# What to do:
Output nothing except the lines from the one containing "Ralph Lauren reworked" through the final line of the data, both included, typed exactly, minus the pictures.

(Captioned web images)

::::::::

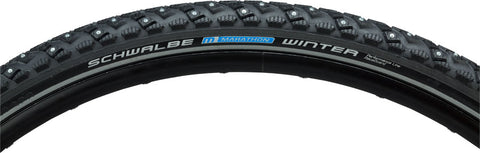 Schwalbe Marathon Winter Plus Tire 24 x 1.75 Clincher Wire Black/Reflective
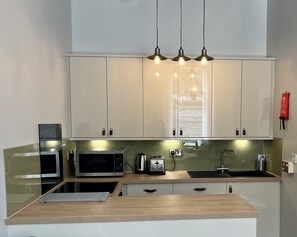 Microwave, oven, stovetop, dishwasher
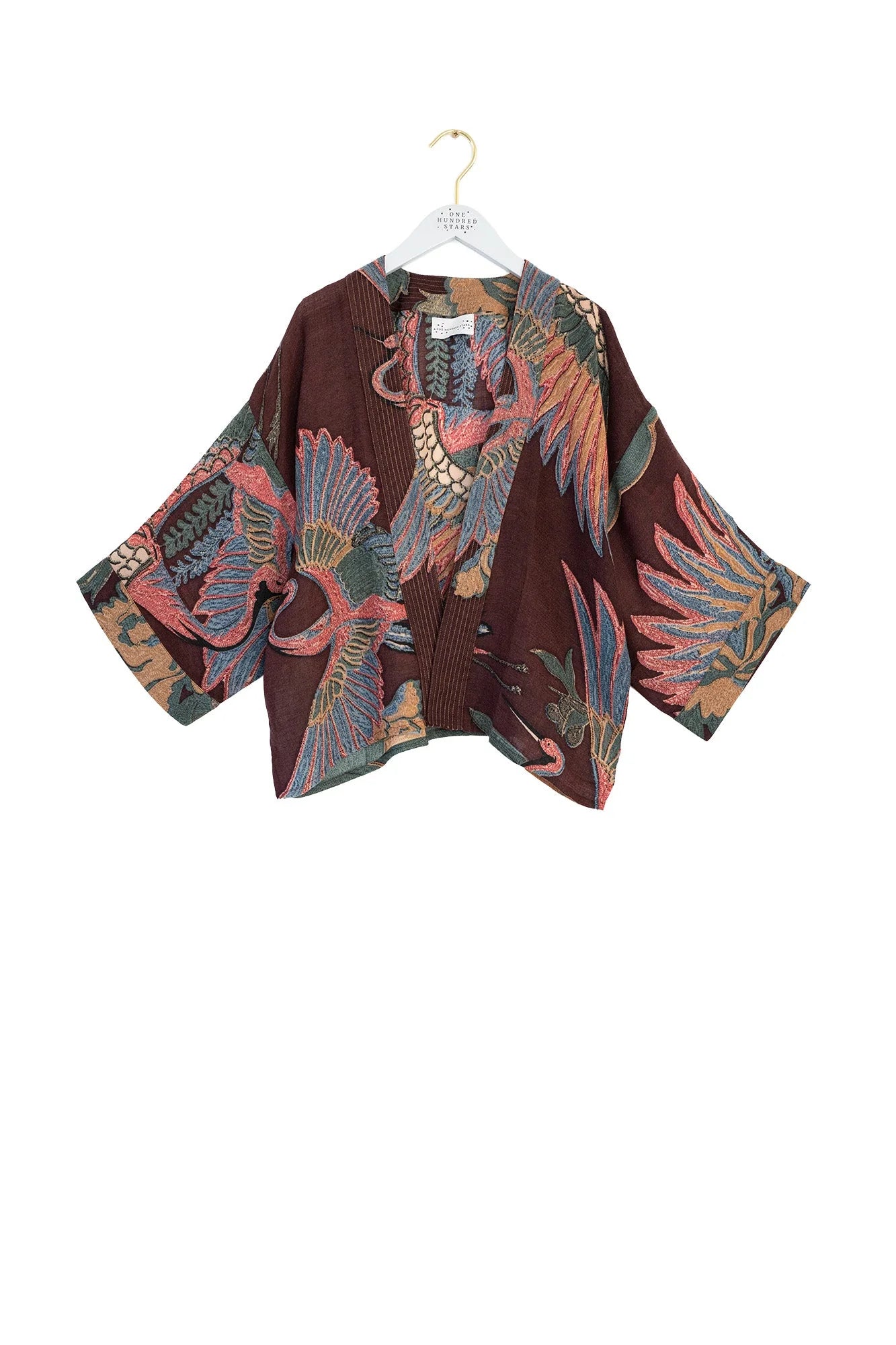 Kort kimono ull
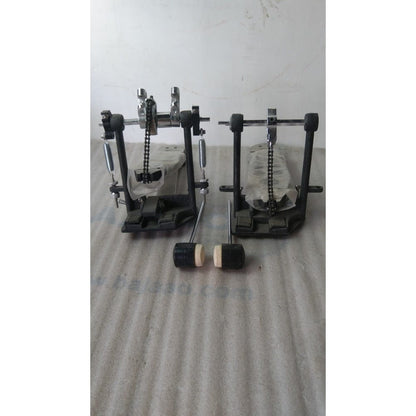 basix drum pedals basix dpd-800v4 drum pedal, heavy duty double bass - open box b stock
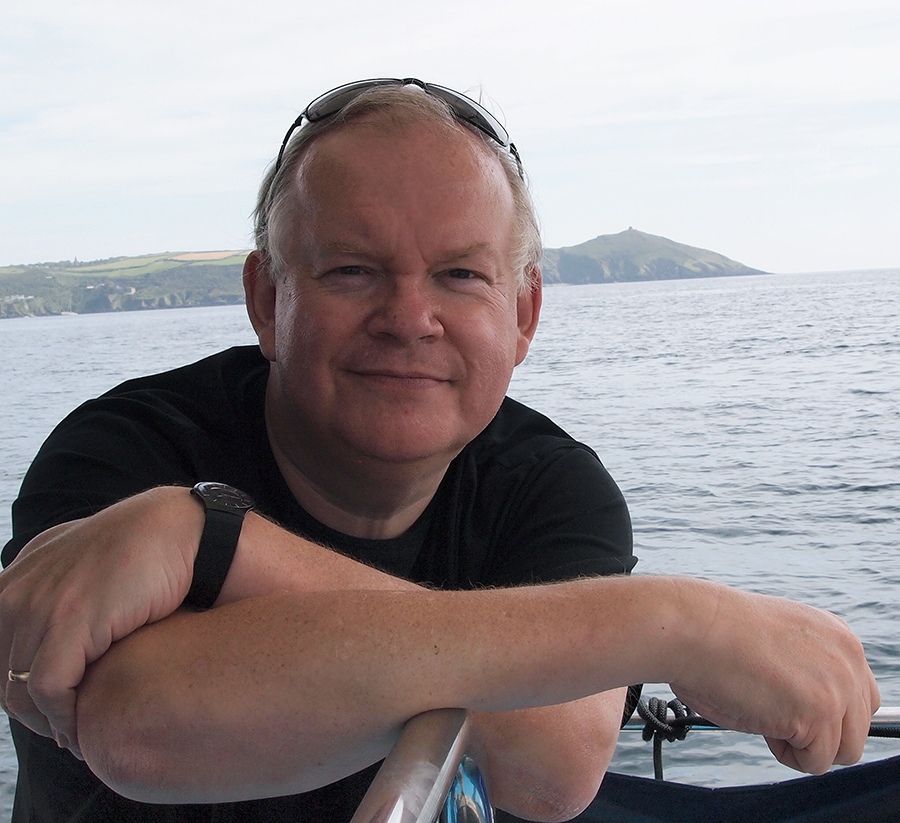 Photograph of Professor Bob Stone at sea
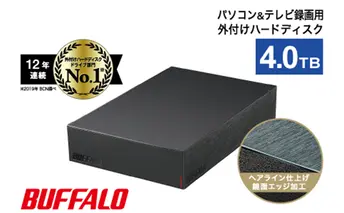 BUFFALO/バッファロー 外付けハードディスク(HDD) 4TB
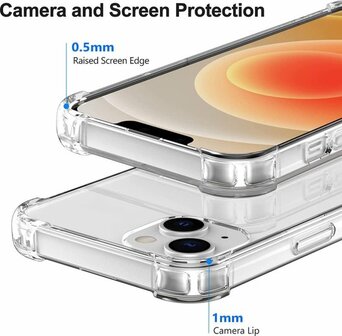 iPhone 13 - Anti Shock &amp;amp; 2x Full Glas - Transparant
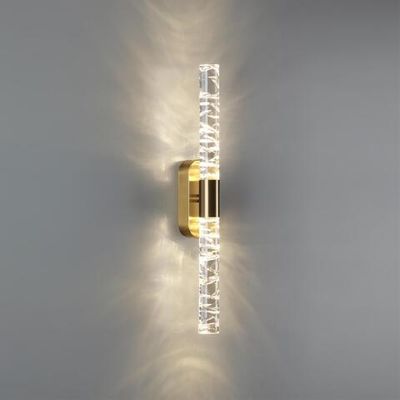 7145/10WL L-VISION ODL26 Настенный светильник  античная бронза/хрусталь/металл IP20 LED 10W 900Лм 3000K 180° 220V PILAR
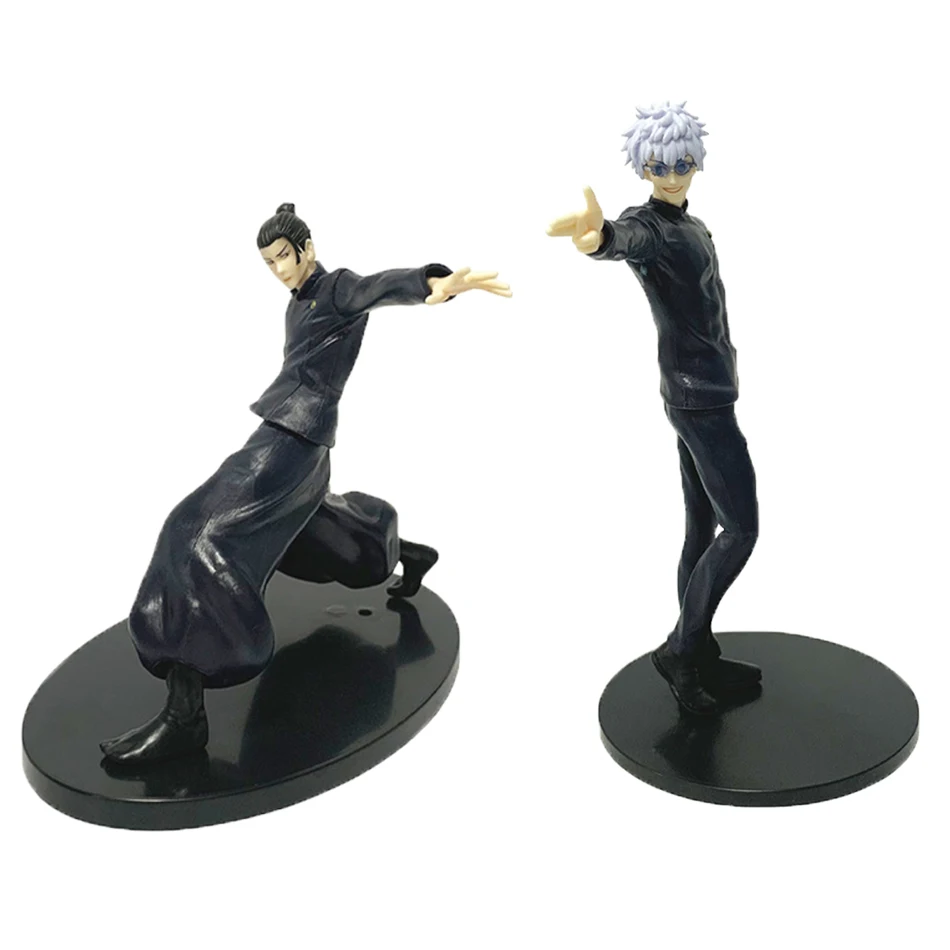 Regali Anime Jujutsu Kaisen Gojo Satoru Statuetta in Posizione Eretta I Due Più Forti Giocattoli da Collezione Decorazioni Ornamenti in PVC
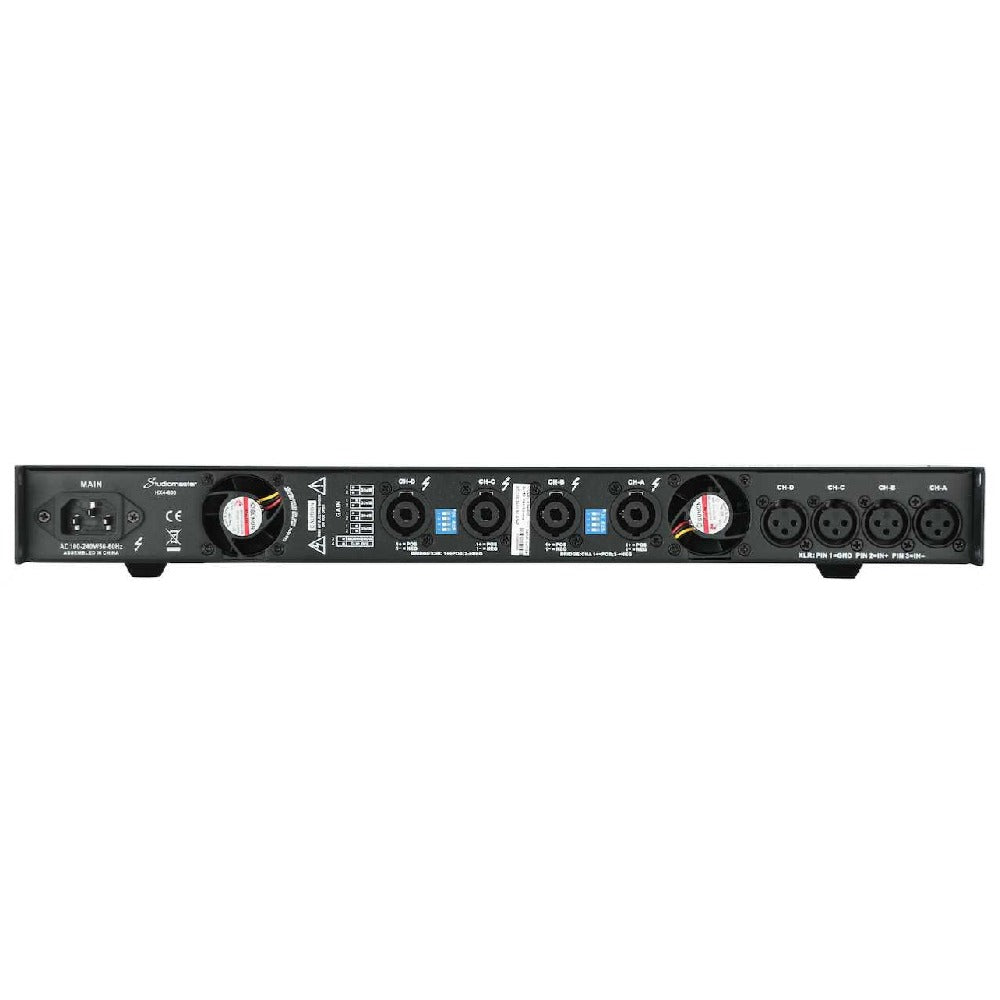 Studiomaster Power Amplifiers Studio Master HX4-1800 Digital Power Amplifier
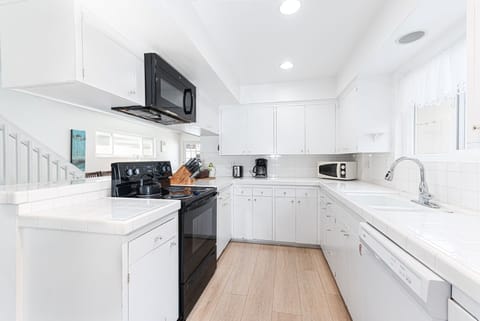 Plenty of counter space for all your meal prep needs.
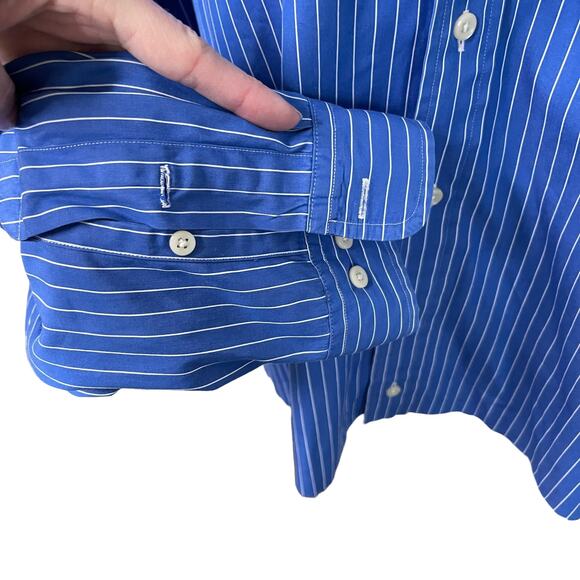 Ralph Lauren reworked collared shirt with added vintage daisy flower patches - Picture 5 of 8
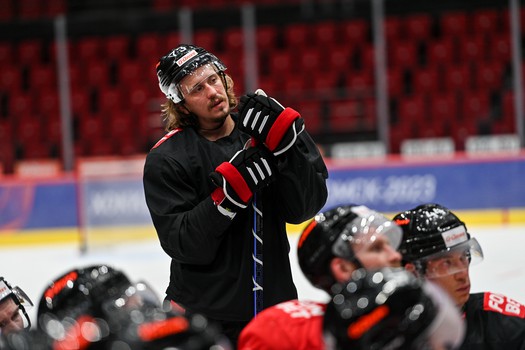 Тренировка «Авангарда» в Омске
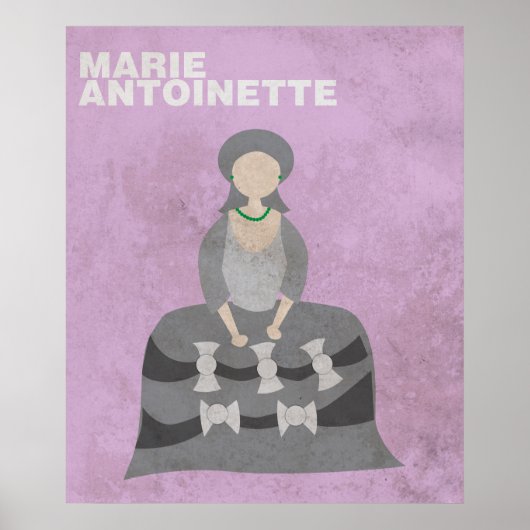 Marie Antoinette: Minimalistische historische Figu Poster (Vorne)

::::::::

# Response:
 Ralph Lauren reworked collared shirt with added vintage daisy flower patches - Picture 5 of 8
 Тренировка «Авангарда» в Омске
 Marie Antoinette: Minimalistische historische Figu Poster (Vorne)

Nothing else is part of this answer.